Diffusion and Wall Loss of Magnesium in Decaying Plasma

The plasma-surface interactions are of considerable interest, induced by the successful application of plasmas in layer deposition, surface treatment and other technologies. The reflection coefficients of plasma atoms and molecules incident to a surface (or the complementary sticking coefficients) are generalised quantities, which characterise these interactions. They are closely related to the motion and nature of particles in the gas phase and the surface characteristics, such as roughness, existence of layers of adsorbed particles, inert, or reactive with those in the bulk, temperature, etc. The relevant data, available in literature up to now are scarce. In a previous work [1] we have developed a method for simultaneous measurement of the diffusion coefficient of particles in gaseous media and their reflection coefficient at the wall of the container.
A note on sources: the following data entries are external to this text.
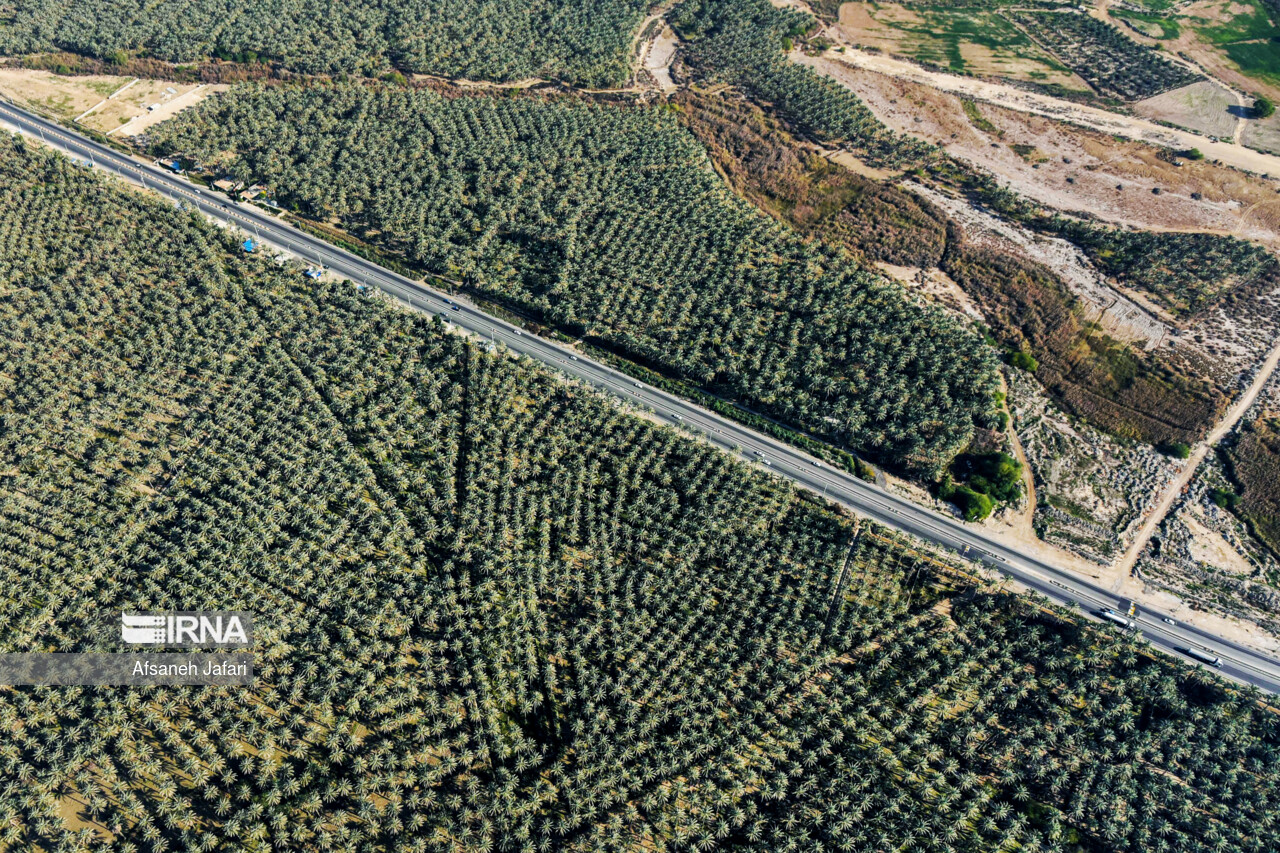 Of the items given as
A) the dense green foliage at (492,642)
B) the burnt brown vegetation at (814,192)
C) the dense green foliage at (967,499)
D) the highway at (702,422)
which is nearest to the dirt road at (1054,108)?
the burnt brown vegetation at (814,192)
Here we present an experimental investigation, based on this method, as well as some numerical simulations of the particles' diffusion, aimed at obtaining the diffusion coefficient of ground-state Mg atoms in argon and their reflection coefficient at a magnesium surface. The experiment is carried out recording the decay curves of the Mg atoms' density in the afterglow of a pulsed hollow cathode gas discharge in argon. The cylindrical hollow cathode is made of magnesium, which is sputtered in the active phase of the discharge to give a Mg-Ar mixture plasma. The decay curves are recorded by an automated multi-channel photon counting system. The usage of a hollow cathode is a way to obtain the diffusion and reflection coefficients of Mg atoms in (rare) gases in the temperature region below the melting point of magnesium, down to room temperatures and even below. Experimental data for both of these parameters in this large region are lacking in the literature.